Oliver James, a past FTM speaker, wrote a piece following the death of his mother for The Observer. Lydia James wrote Britain's first ever parenting column in The Observer in the 1960s. Many of her comments sound astonishingly contemporary. She was writing in 1960 about the lack of confidence of new mothers who have been educated to play many parts and often feel at a loss with a new baby, facing a task for which they feel unprepared, and as she says, "which has nothing to do with being clever and a lot to do with devotion and patience". Another remark reveals much insight into what was coming: "There is a new ethic creeping up that only measurable virtues such as wealth or position are estimable. People are liable to use this standard even against their better judgement. In this situation, something has to give, and… it can't be the children."

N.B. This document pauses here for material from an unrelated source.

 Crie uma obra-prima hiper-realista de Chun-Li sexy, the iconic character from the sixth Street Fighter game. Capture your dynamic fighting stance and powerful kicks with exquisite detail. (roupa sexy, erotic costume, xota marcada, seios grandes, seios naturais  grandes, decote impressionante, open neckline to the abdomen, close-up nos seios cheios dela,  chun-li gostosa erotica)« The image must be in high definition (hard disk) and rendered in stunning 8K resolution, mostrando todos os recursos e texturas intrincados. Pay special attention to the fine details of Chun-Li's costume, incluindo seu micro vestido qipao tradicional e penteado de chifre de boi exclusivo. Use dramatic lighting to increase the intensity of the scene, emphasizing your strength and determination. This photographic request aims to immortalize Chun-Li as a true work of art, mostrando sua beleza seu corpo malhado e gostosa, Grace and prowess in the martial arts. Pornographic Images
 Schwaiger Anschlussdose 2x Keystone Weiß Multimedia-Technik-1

A news item released in early December revealed that 'Safari Boy', the young offender sent on an 88 day African safari in 1993 has been jailed for four years. Now aged 24, attempts to rehabilitate him and turn him into a decent citizen are estimated to have so far cost more than £1 million; the latest sentence means that the bill for his rehabilitation will continue to increase by at least £26,000 for each year he is in prison. With figures like this, quite apart from the waste of a young man's life, it is astonishing that the Government does not as a matter of urgency decide to spend more on prevention instead of cure. From ante-natal stage, through birth and the vital early years, we know beyond doubt that a baby securely attached to the mother, who is herself given good support, lays good foundations for life; that married parents are statistically far more likely to stay together and provide a secure environment for raising children. We know that the baby's first relationship with its primary carer, whether loving and safe, or for some reason inadequate, provides a blueprint for all its future relationships. Yet we do so little to ensure that the optimum basic necessities are in place for every child born.

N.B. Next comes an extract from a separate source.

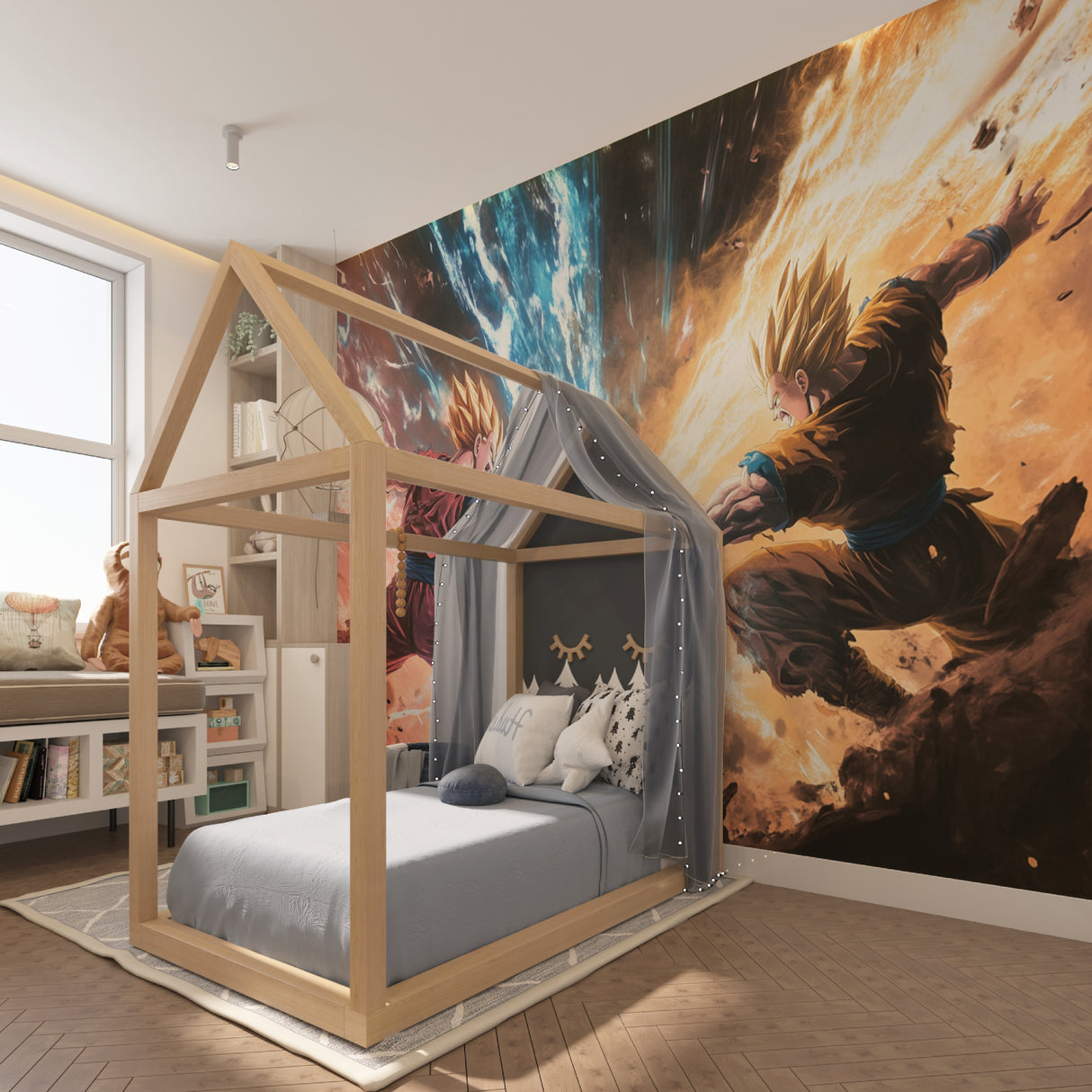 Anime wall mural showcasing explosive battle scene in a modern home theater setup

Researchers have confirmed what women have believed for years: behind every happy man there is a devoted wife or girlfriend. In a study of 10,000 middle-aged workers they found that men whose girlfriends or spouses stayed home were less depressed. The London University study revealed that when women returned to work, depression rates in men increased. "We discovered that stay-at-home partners were perceived as particularly beneficial in taking responsibility for the family, developing ties with neighbours and making friends," said Professor Stephen Stansfield.

Mothers returning to full-time work soon after having a baby are much more likely to end up divorced than mothers who stay at home or who work part-time, according to a study published by the Economic and Social Research Council. Not surprisingly, researchers found that the strain of coping with full-time work meant that more than a quarter of mothers with careers had their marriages break up within 11 years.

Reported in the Guardian on 12 December, the author of the survey, Professor Susan MacRae of Oxford Brookes University, said that the mothers who were least likely to experience divorce were those who worked part-time. Interestingly, Professor MacRae also pointed out that most women are still unwilling to combine full-time work with motherhood - only 10% of the 1500 mothers in her survey actually stayed in full-time work. Figures on maternal employment are often deceptive, according to Professor MacRae - most mothers still opt for part-time work and/or periods of full-time motherhood.